I believe this topic belongs to this thread, if not admin please move it. Yesterday everything was working fine until I sent the computer to sleep. Today it won't wake up, I hear the fans but the screen is blank. Power off, power on - nothing. Any ideas guys?


----------



## tls (Jan 8, 2012)

I am assuming you're referring to a laptop - but I would start by either checking your PCI wireless card, RAM, etc. Sounds like a hardware issue and your BIOS is failing to POST because of it.


----------



## Martillo1 (Jan 8, 2012)

In a i7 920 Asus P6T V2 Deluxe with Release 8.2, the difference between awaking or not was the use of powerd. If you have power management enabled, try disabling it.


----------



## fnucc (Jan 8, 2012)

It's a desktop PC. Win 7 works well (installed on another disk), FreeBSD shows me just a blank screen. It's the fist time I tried sleep/suspend, I just managed to get the whole system to work without endless re-installations  

Now, it's up and running. Just like that. Go figure...


----------



## Crivens (Jan 9, 2012)

fnucc said:
			
		

> It's a desktop PC. Win 7 works well (installed on another disk), FreeBSD shows me just a blank screen.
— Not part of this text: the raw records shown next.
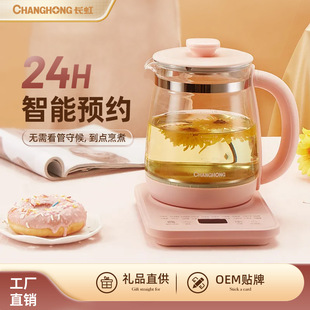 适用于志高养生壶煮茶专用办公室多功能家用全自动烧水壶玻璃恒温
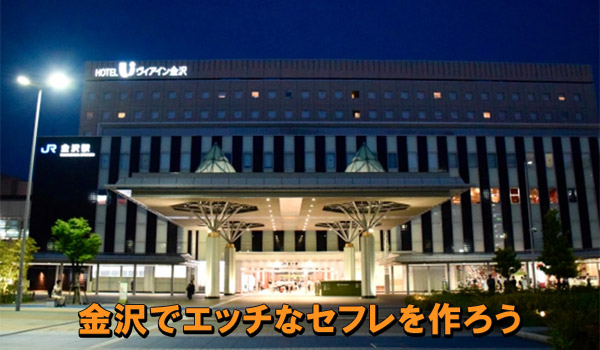金沢でエッチなセフレを作ろう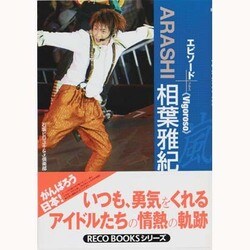 ARASHI相葉雅紀エピソード+―Vigoroso(RECO BOOKS) [単行本]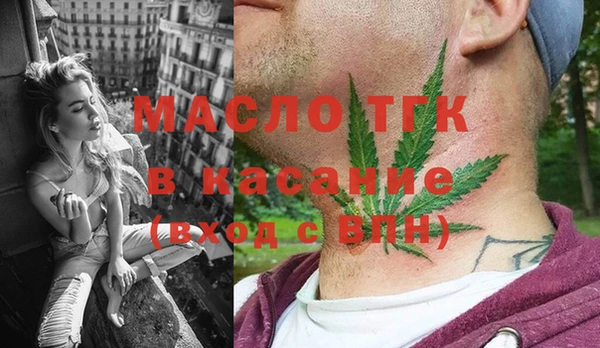 а пвп мука Армянск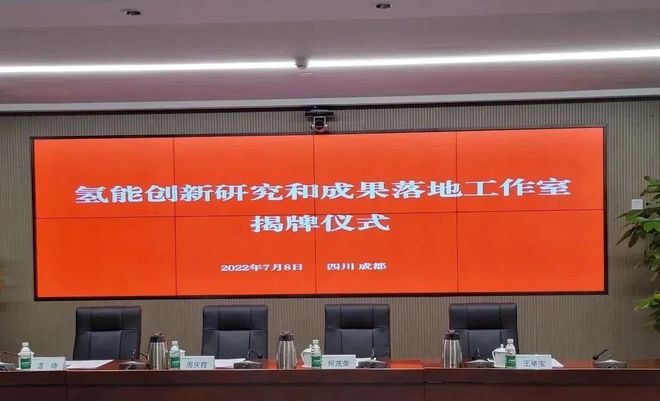 國電投、上海電力、舜華聯(lián)合成立氫能創(chuàng)新工作室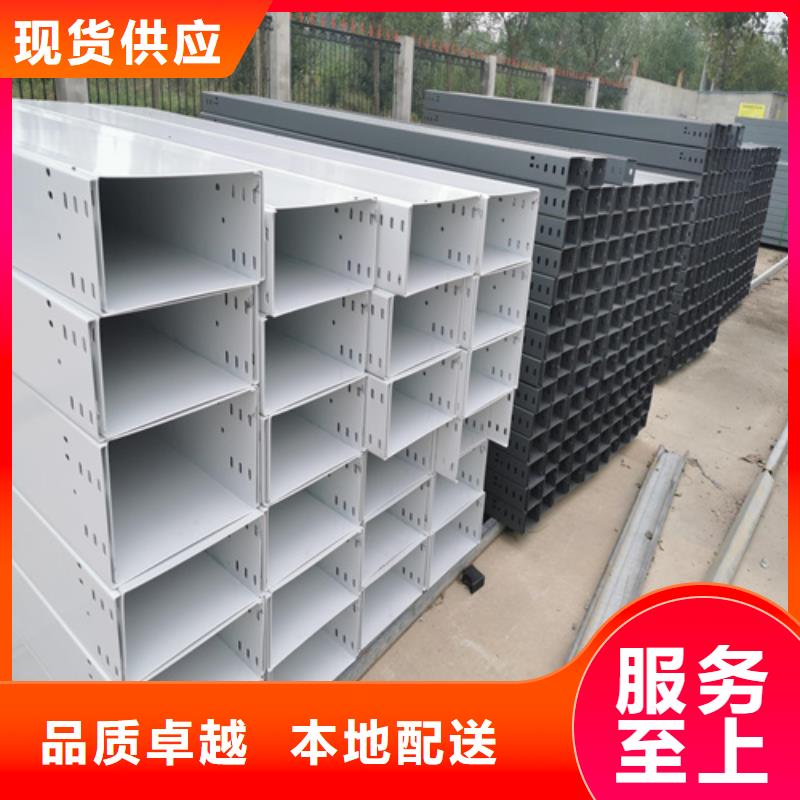 質(zhì)量?jī)?yōu)的玻璃鋼橋架實(shí)體廠家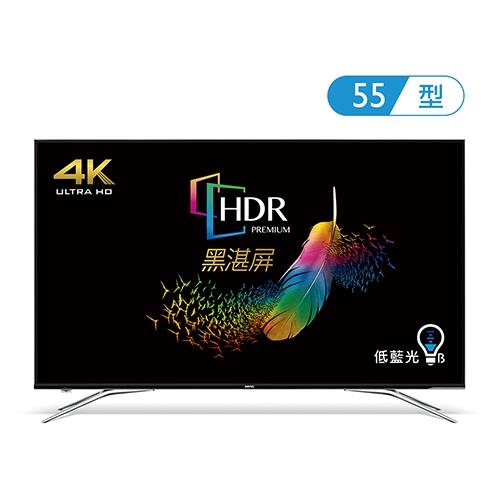 BenQ 55吋 4K HDR護眼連網大型液晶顯示器+視訊盒 S55-700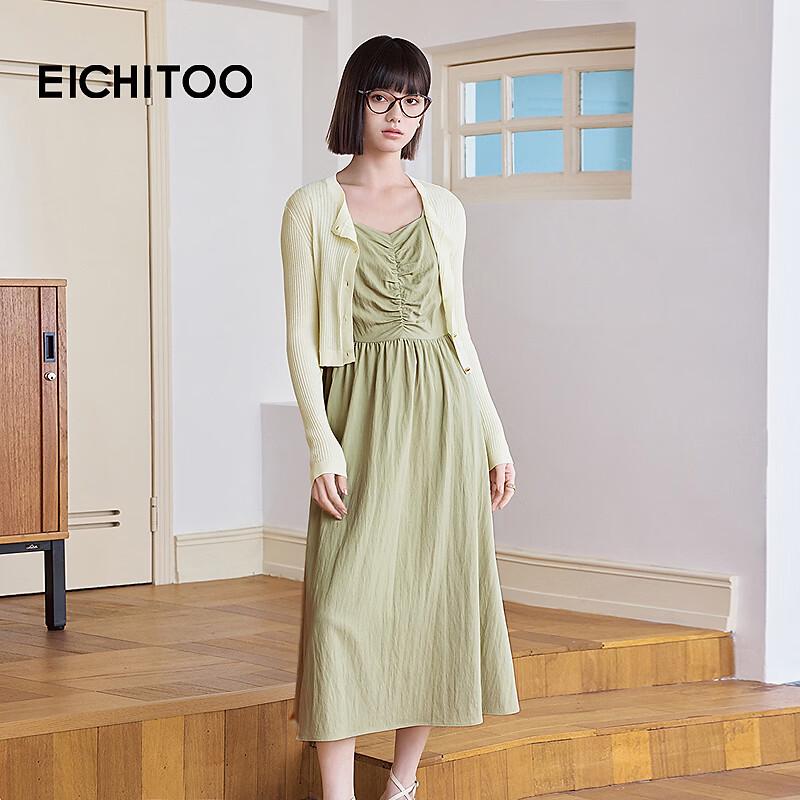 EICHITOO Two-Piece Knit Cardigan & Slip Dress Set L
It's the fist time I tried sleep/suspend, I just managed to get the whole system to work without endless re-installations
> 
> Now, it's up and running. Just like that. Go figure...



What do you mean "Just like that"? Upon resume, you see a black screen for some time (minutes/hours/...) and then it works? Or did you a power cycle/reset?


----------



## jrm@ (Jan 9, 2012)

Have you seen this page: http://www.freebsd.org/doc/en_US.ISO8859-1/books/handbook/acpi-debug.html?


----------



## fnucc (Jan 9, 2012)

@Crivens: Off on off on several times, than Win7 then reboot and FreeBSD came to life as nothing happened     @jrm: Thanks for the link, I will read that. First I must solve the wild fan problem


----------



## fnucc (Jan 9, 2012)

Which I won't... Unable to set dev.pcm.0.rev.vchans=4, *startx* says Bus error 10. Very good. File system check says everything is fine, but everything obviously is not fine.

Much to my delight I discovered that one memory bank literally burned out with sparkle and smoke and smell and everything. I'm now in 2GB and for now everything works ok.


----------